Манефа, нагостившись, вернулась в Новгород-Северский и там рассказала Олегу про замыслы Игоревы.
Олег, невзирая на зимнюю стужу, в крытом возке примчался в Путивль.
Игорь встретил брата дружескими объятиями, но не дружеский у них получился разговор.
— Что же я узнаю, брат?! Сам в поход на половцев собрался, а мне про то молчок! — Голос Олега был грозен. — Ты забыл разве, кто тебе удел давал и в чьей воле ты ходить должен? Ежели забыл, то я тебе напомню.
— Выходит, я без твоей воли и шагу ступить не могу, так, что ли? — нахмурился Игорь. — Князь я иль нет?
— Ты князь младший, удельный и сам решать ничего не можешь. Удумал тоже, в поход на половцев идти! Да на каких половцев, на тех, с коими Глеб Юрьевич в прошлом году союз заключил! Разоришь ты становища половецкие за Псёлом, а поганые в отместку весной на Переяславль навалятся. В Переяславле же сын князя Глеба сидит. Владимиру Глебовичу всего-то тринадцать лет. Ты об этом подумал, брат?
Игорь мрачно молчал.
— Я тебя притеснять не хочу и тем более стола княжеского лишать, но и ты, брат, не своевольничай, — продолжил Олег уже более миролюбиво. — Знаю, что ты молод и горяч. Но половцев трогать в одиночку — себе дороже. Вот ежели Глеб Юрьевич соберёт князей в большой поход на поганых, тогда и я пойду и тебя позову.
— Разве соберётся Глеб Юрьевич в поход на поганых, коль он им союзник? — хмуро заметил Игорь.
— Сегодня союзник, а завтра враг, — усмехнулся Олег. — И потом, ханов в степях много, они меж собой грызутся ещё похлеще нашего. Хан, дружественный князю Глебу, может полки наши в самое сердце земель половецких провести, дабы досадить своим недругам степным. Представляешь, брат, какую добычу можно там взять!
Олег уехал обратно в свою вотчину, а Игорь несколько дней был хмур и неразговорчив.
Выходит, что он хоть и князь, но и над ним имеется господин, его старший брат. Правда, и Олег ходит в воле черниговского князя. Но то было слабое утешение тому, кто в душе мечтает сравниться славой с Ярославом Мудрым.
Наступила весна.
Игорь ждал, что киевский князь станет собирать рати на половцев. Однако вместо этого пришла весть, что Глеб Юрьевич умер. И стол киевский снова опустел.

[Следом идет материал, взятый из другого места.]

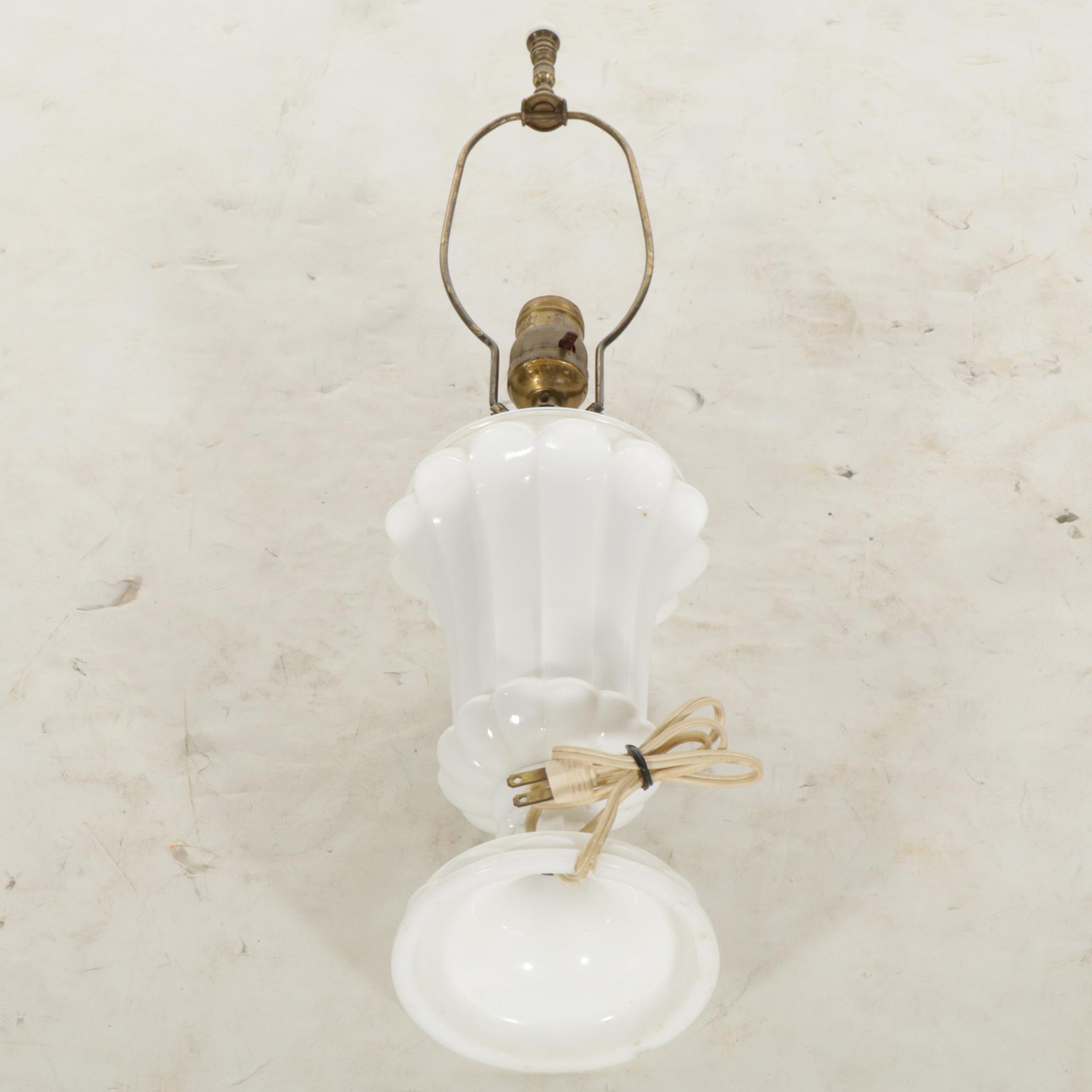 Vase Shaped Milk Glass Table Lamp, Mid-20th Century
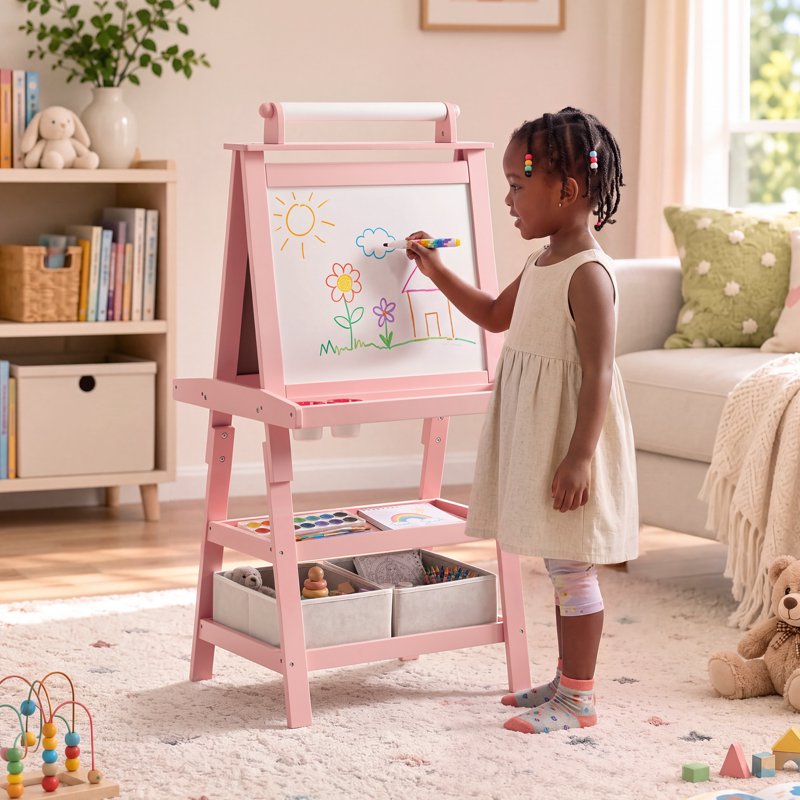 3-in-1 Kids Art Easel with Whiteboard Chalkboard and Paper Roll - Pink, Grey, White, Coffee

Вот тут-то и вспомнились кому-то из недругов Ростиславичей слова, предрекавшие Глебу Юрьевичу недолгое княжение в Киеве. Злые языки живо разнесли слух о том, что не своей смертью умер князь Глеб, но был отравлен приспешниками Ростиславичей. Принесли весть эту и в Суздаль к грозному князю Андрею, брату Глеба.
Между тем в Киеве сел Роман Ростиславич, передав Смоленск брату Рюрику.
Это только усилило подозрения суздальского князя в том, что Глеб Юрьевич явно мешал Ростиславичам, давно жаждущим Киева. Опять, как два года назад, собрал Андрей Боголюбский огромную рать и двинул к Киеву, дабы добыть стол киевский для другого своего брата — Михаила.
Роман Ростиславич, не отличавшийся воинственностью, добровольно ушёл из Киева и опять взял себе Смоленск.